◆ **Exercise**: Leave the pictures behind and reproduce every line of the listing exactly.
───── Exercise data ─────
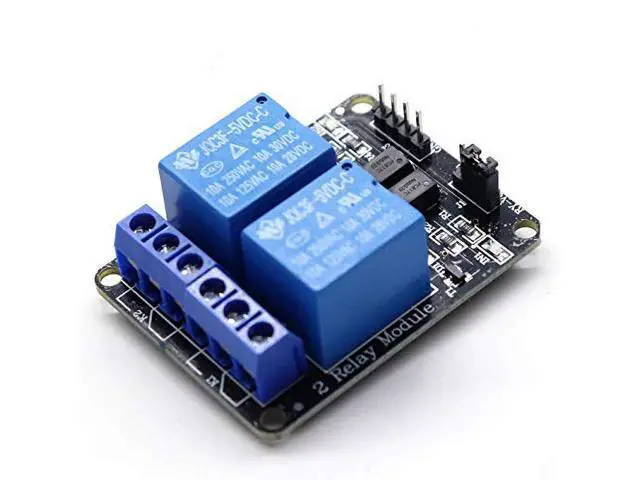 Alt view image 6 of 7 - Relay Module with Optocoupler Isolation Relay Control Board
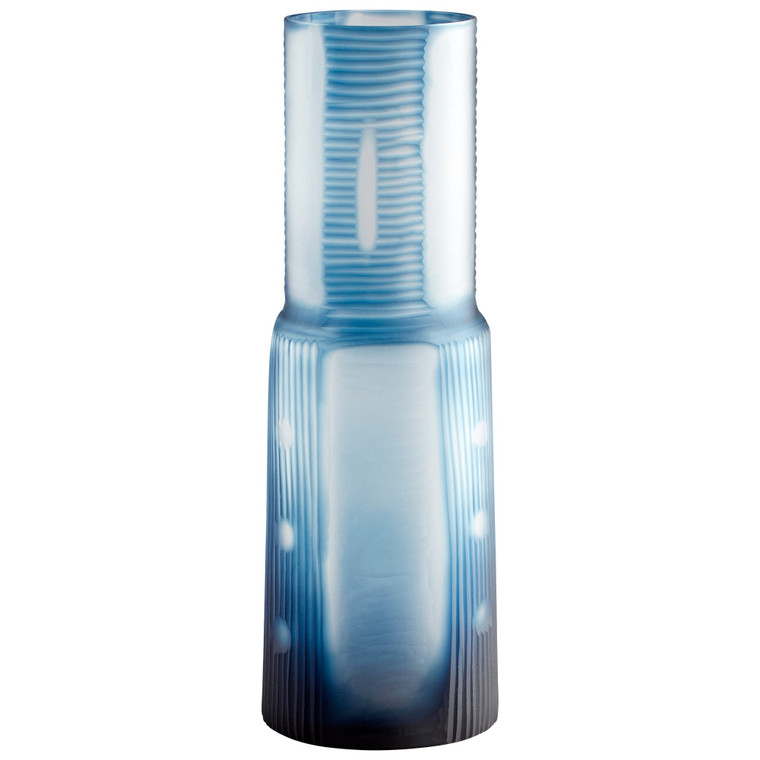 Cyan Design Olmsted Vase Blue - Large 11101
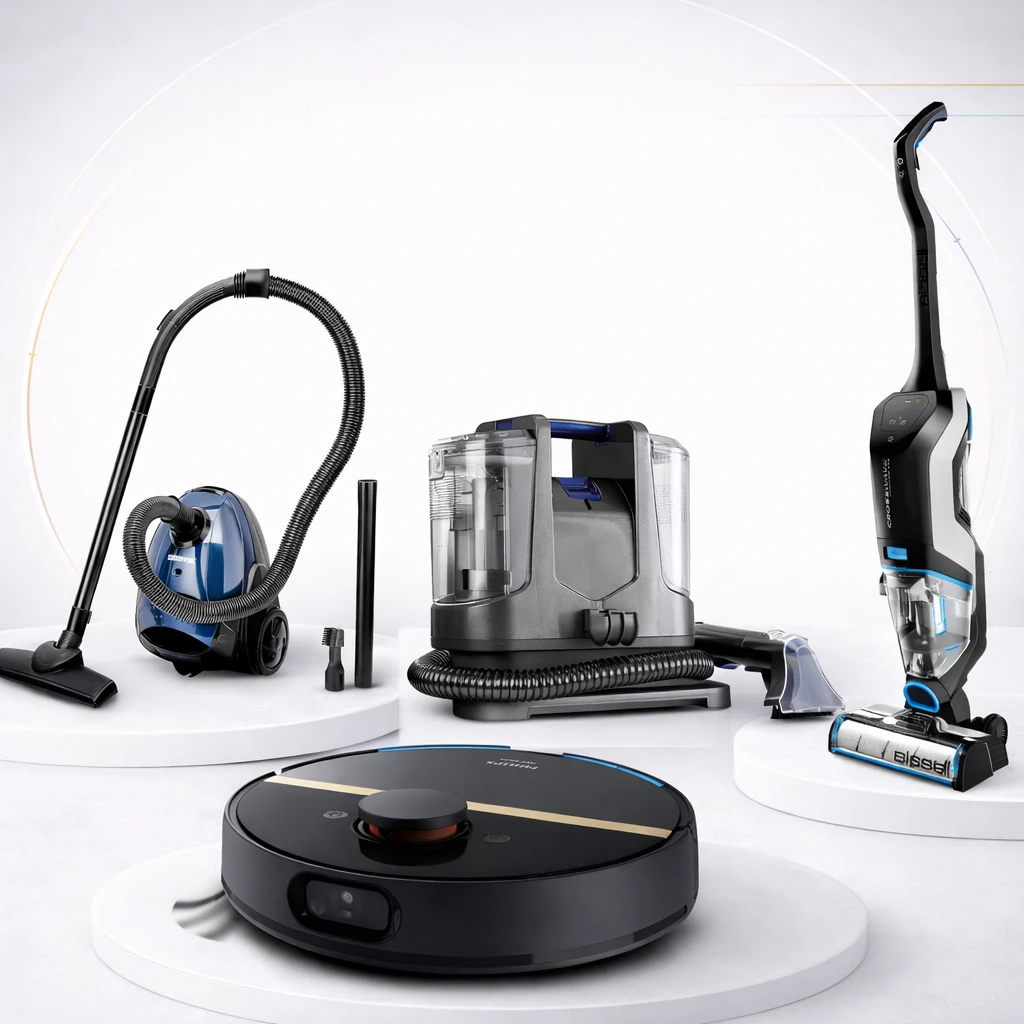 مكانس كهربائية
─────
◆ **Solution to this task**:
 Alt view image 6 of 7 - Relay Module with Optocoupler Isolation Relay Control Board
 Cyan Design Olmsted Vase Blue - Large 11101
 مكانس كهربائية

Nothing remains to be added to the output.